(Beginning of GIVEN MATERIAL)

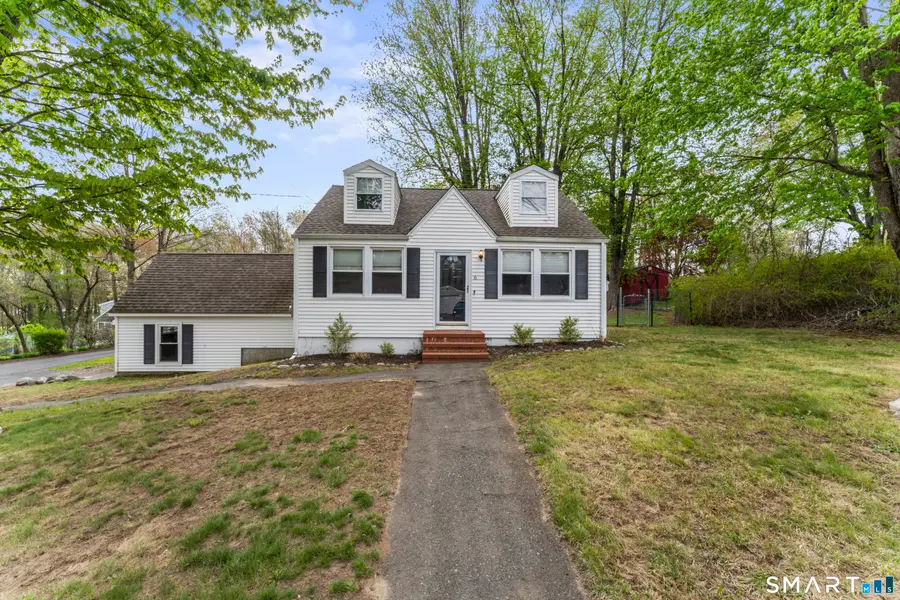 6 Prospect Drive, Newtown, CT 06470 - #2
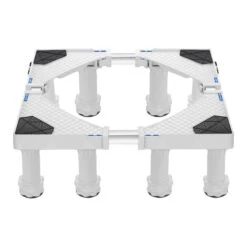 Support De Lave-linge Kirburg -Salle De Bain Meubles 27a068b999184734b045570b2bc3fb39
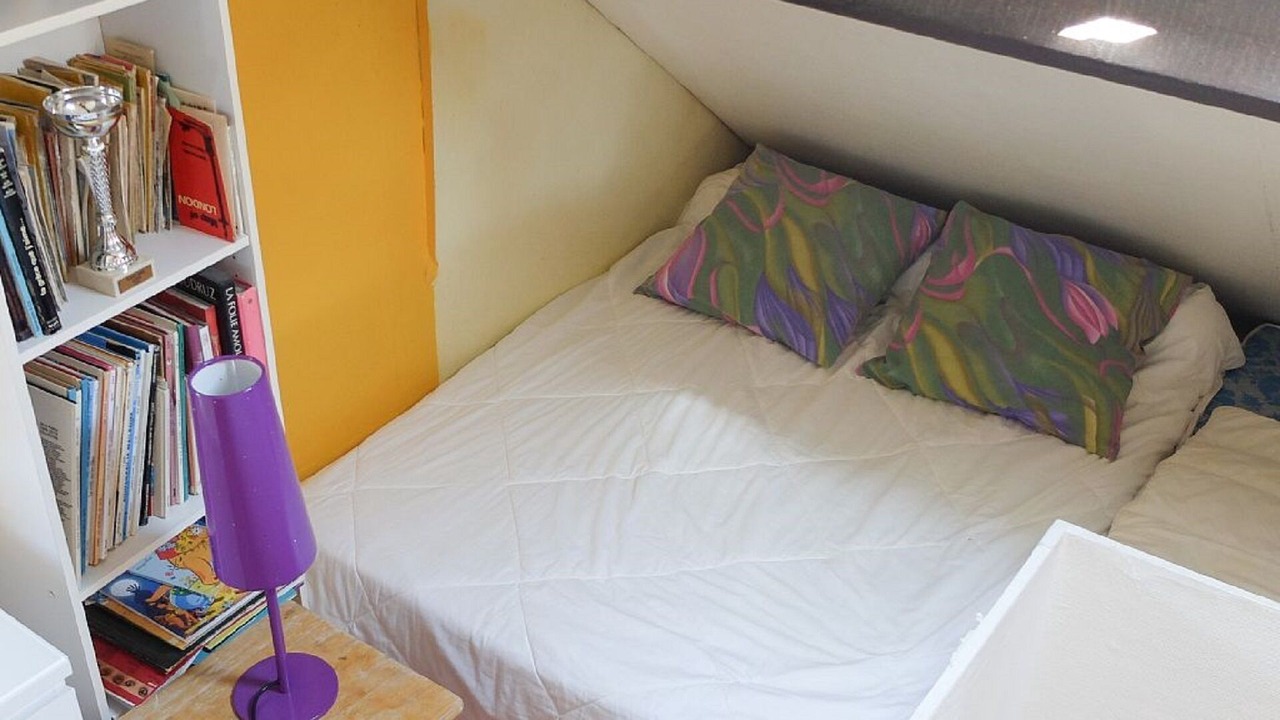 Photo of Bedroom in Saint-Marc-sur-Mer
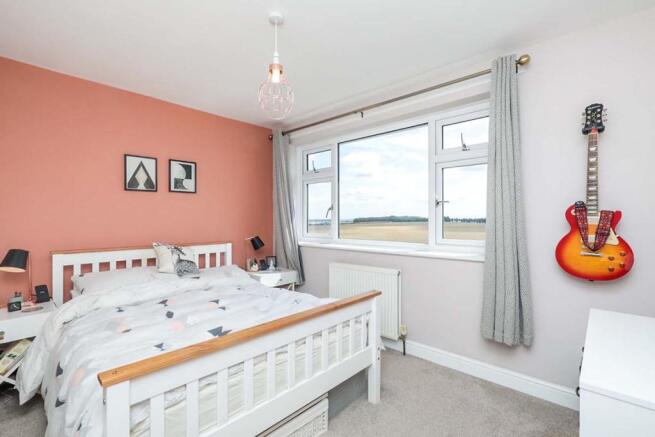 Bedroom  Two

(End of GIVEN MATERIAL)

- _WHAT THE EXERCISE ASKS_: Please, leaving out all pictures, transcribe exactly the lines above from the one containing "Support De Lave-linge" through the final line, both included.

- _ANSWER FOR THE TASK_:
 Support De Lave-linge Kirburg -Salle De Bain Meubles 27a068b999184734b045570b2bc3fb39
 Photo of Bedroom in Saint-Marc-sur-Mer
 Bedroom  Two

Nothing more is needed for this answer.